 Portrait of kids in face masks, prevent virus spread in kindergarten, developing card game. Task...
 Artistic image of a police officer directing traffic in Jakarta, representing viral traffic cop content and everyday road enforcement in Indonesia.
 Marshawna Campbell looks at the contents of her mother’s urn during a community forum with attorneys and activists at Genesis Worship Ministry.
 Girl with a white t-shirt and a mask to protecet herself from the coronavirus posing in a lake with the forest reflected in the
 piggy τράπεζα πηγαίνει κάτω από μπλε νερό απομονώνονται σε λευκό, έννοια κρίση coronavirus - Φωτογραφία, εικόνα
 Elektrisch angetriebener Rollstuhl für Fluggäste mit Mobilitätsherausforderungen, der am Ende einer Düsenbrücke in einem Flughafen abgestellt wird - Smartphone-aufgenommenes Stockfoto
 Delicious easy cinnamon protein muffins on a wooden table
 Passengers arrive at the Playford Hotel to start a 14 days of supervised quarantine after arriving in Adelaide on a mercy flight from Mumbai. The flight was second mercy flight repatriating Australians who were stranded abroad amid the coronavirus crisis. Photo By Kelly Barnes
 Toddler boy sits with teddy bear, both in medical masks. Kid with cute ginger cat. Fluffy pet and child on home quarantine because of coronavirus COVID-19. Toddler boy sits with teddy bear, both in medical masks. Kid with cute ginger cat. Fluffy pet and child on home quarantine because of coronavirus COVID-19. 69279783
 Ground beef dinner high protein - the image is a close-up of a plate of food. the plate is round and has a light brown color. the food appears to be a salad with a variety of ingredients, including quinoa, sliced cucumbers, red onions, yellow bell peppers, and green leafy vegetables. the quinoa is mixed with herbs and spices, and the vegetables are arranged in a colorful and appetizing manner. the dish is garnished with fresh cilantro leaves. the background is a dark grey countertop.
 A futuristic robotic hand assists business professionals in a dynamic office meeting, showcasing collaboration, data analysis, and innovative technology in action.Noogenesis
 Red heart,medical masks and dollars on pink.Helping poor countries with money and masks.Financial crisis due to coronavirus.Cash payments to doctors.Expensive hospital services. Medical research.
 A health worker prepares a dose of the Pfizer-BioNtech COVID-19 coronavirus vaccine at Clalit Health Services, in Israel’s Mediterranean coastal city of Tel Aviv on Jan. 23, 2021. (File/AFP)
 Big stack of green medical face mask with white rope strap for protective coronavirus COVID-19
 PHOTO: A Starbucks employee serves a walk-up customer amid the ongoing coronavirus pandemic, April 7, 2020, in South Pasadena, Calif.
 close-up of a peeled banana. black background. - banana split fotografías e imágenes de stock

• **What the task requires**: The lines you need are those with the word "white"; list them from the entries.

• **Solution to this task**:
 Girl with a white t-shirt and a mask to protecet herself from the coronavirus posing in a lake with the forest reflected in the
 Big stack of green medical face mask with white rope strap for protective coronavirus COVID-19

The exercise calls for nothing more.